Search code examples
xpathweb-scrapinggoogle-sheetsgoogle-sheets-formula

Extract substring using importxml and substring-after


Using Google sheet 'ImportXML', I was able to extract the following data from a url(in cell A2) using:

=IMPORTXML(A2,"//a/@href[substring-after(., 'AGX:')]").

Data:

/vector/AGX:5WH
/vector/AGX:Z74
/vector/AGX:C52
/vector/AGX:A27
/vector/AGX:C6L

But, I want to extract the code after "/vector/AGX:". The code is not fixed to 3 letters and number of rows is not fixed as well.

I used =INDEX(SPLIT(AP2,"/,'vector',':'"),1,2). But it applied to only one line of data. Had to copy the index+split function to the whole column and had to insert an additional column to store the codes.

5WH
Z74
C52
A27
C6L

But, I want to be able to extract the code(s) after AGX: using ImportXML in one go. Is there a way?


Solution

  • Your issue is in how you are implementing the index formula. The first parameter returns the rows (in your case each element) and the second the column (in your case either AGX or the code after that).

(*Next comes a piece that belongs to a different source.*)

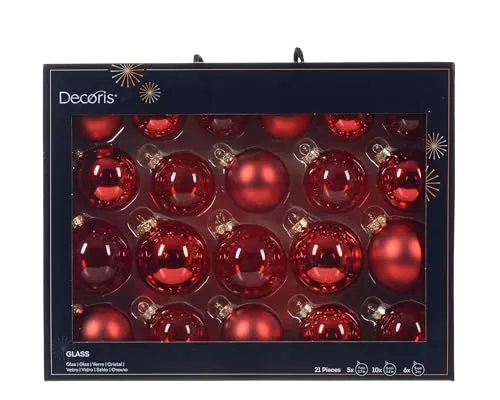 Decoris Weihnachtskugeln Glas 5-7cm 21er Set - matt & glänzend & transparent - Christbaumkugeln Weihnachtsbaumkugeln für Weihnachtsbaum - Kerstbal Glas d7 cm krd Ass 21st I kerst Weihnachtsrot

    If instead of getting a single cell we apply this formula on a range and we do not set any value for the row, the formula will return all the values achieving what you were aiming for. Here is its implementation (where F1:F5 will be the range of values you want this formula to be applied) :

    =INDEX(SPLIT(F1:F5,"/,'vector',':'"),,2)
    

    If you are interested in a solution simply using IMPORTXML and XPATH, according to the documentation you could use a substring as follows:

    =IMPORTXML(A1,"//a/@href[substring-after(.,'SGX:')]")
    

    The drawback of this is that it will return the full string and not exclusively what is after the SGX: which means that you would need to use a Google sheet formula to splitting this. This is the furthest I have achieved exclusively using XPath. In XML it would be easier to apply a forEach and really select what is after the : but I believe in sheets is more complicated if not impossible just using XPath.